Once mostly associated with its high-end boutiques and designer fashion, Limassol has taken on a whole new appeal over the past decade as funky concept stores and independent speciality shops breathe new life into the city. From offbeat old town shops selling artisan jewellery and collectible books to handcrafted bags and wooden eco-friendly sunglasses, they all contribute to Limassol’s unique vibe. Anexartisias Street and Makarios Avenue also cater to various tastes and budgets, packed with well-known international fashion brands, sports stores, gift shops, and beauty outlets. For easy shopping under one roof, the city’s mall in the western suburb of Zakaki offers a world of choice alongside dining options and exciting entertainment including bowling and a virtual 6D cinema.

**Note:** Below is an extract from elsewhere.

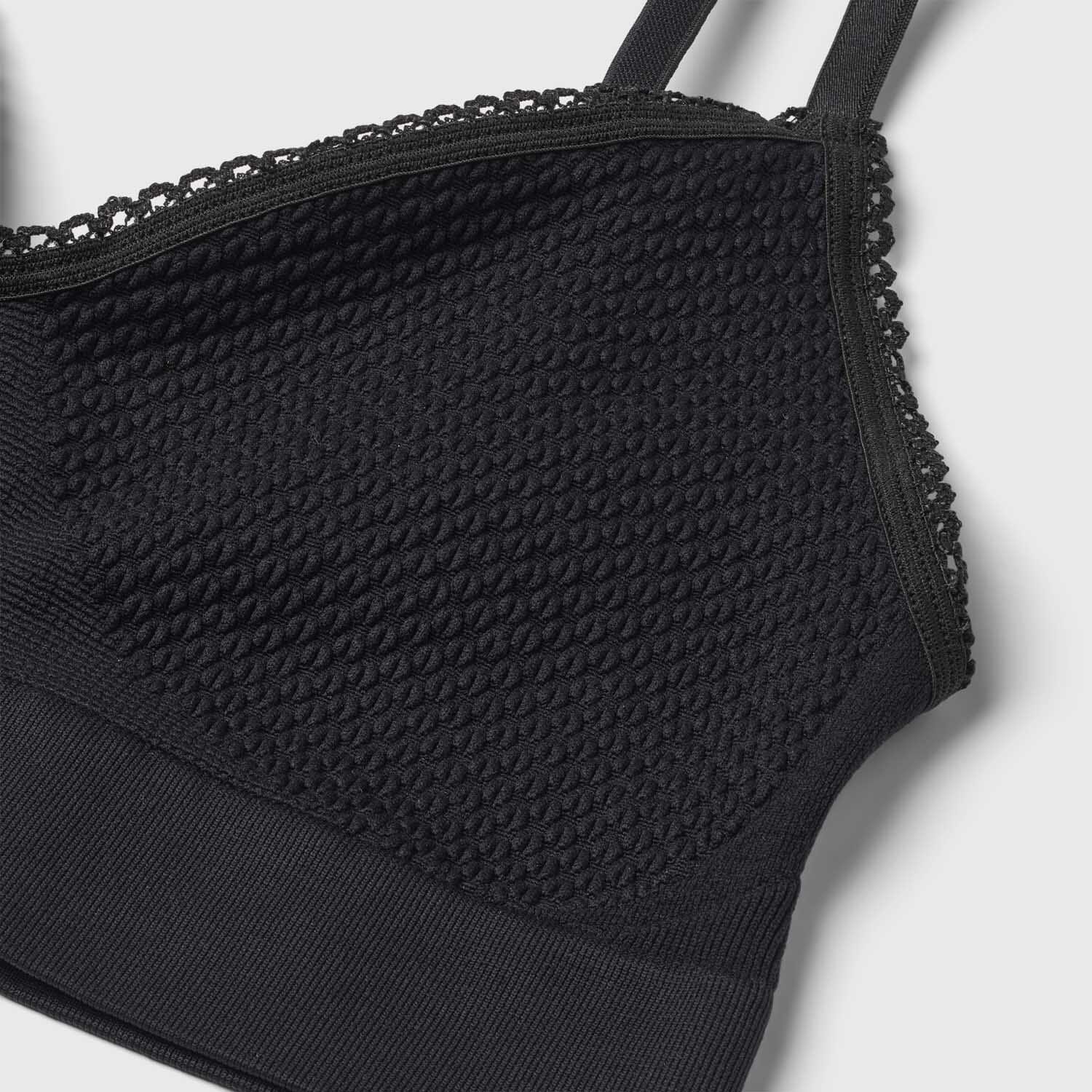 Molly&My Wardrobe - Karina Bra top - Black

Whether you love a refreshing mid-day dip or dream of lounging on a sandy shore with a sundowner in hand, there are countless Limassol beaches to choose from. The Blue Flag Dasoudi beach in the heart of Germasoyia is one of the best stretches of sand in town. Located very close to a public bus stop, there are plenty of organised facilities and watersports to enjoy here. A little further afield, Lady’s Mile Beach is very popular with the locals – a 5-kilometre stretch with shallow waters, countless amenities, and some hip and happening beach bars. And if you’re keen to discover a quieter stretch of coastline, head west of Limassol to the windswept Avdimou Beach. Kick back with a good book or look out for toned kitesurfers riding the waves out at sea.

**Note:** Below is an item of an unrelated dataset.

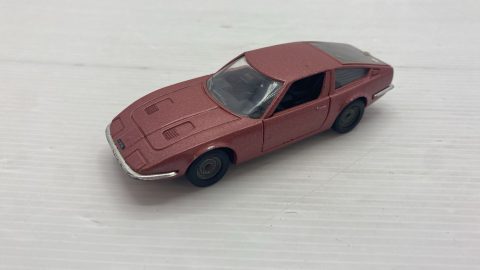 Solido' Maserati Indy 1/43 senza scatola originale, pianale leggermente rovinato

Limassol is a lively city that certainly knows how to party. And no matter what kind of music rocks your world, there’s bound to be a bar, pub, or club – or even a microbrewery – to suit your individual taste. If you want to mix and mingle with other students and locals throughout the autumn and winter, the old town is the perfect area for casual bar hopping. Head through the bar-lined web of streets that branch off Limassol Castle square and lead up to University Square and Saripolou Square. As spring approaches, Limassol attracts fun-loving crowds from around the country and beyond as annual carnival celebrations render the entire city a pulsating party zone. Come summer, the fun moves to the seafront where countless lively beach bars transform the seafront area into one big and breezy outdoor extravaganza.
Taking a complete break away from studying and the daily routine is easy in Limassol. Embark on a trip outside the city to discover pretty stonebuilt villages and historic sites dotted across the lower vine-covered slopes of the Troodos Mountains. The villages of Vouni, Koilani, Lofou, and Lania are some of the prettiest in Cyprus and are perfect for a day out. You can even book a night away with friends in a large renovated old village house. Many even feature swimming pools and outdoor barbeque areas. At higher altitudes, the leafy summer resort of Platres beckons, close to three of the island’s most beautiful waterfalls: Caledonia, Millomeri, and Chantara. The entire Troodos mountain range is ideal for hikers and thrill seekers, and panoramic views await when you reach the Mount Olympus Observation Point between Prodromos and Troodos Square. From January through to March, head to the Troodos Ski Centre for some action on the powdery white slopes.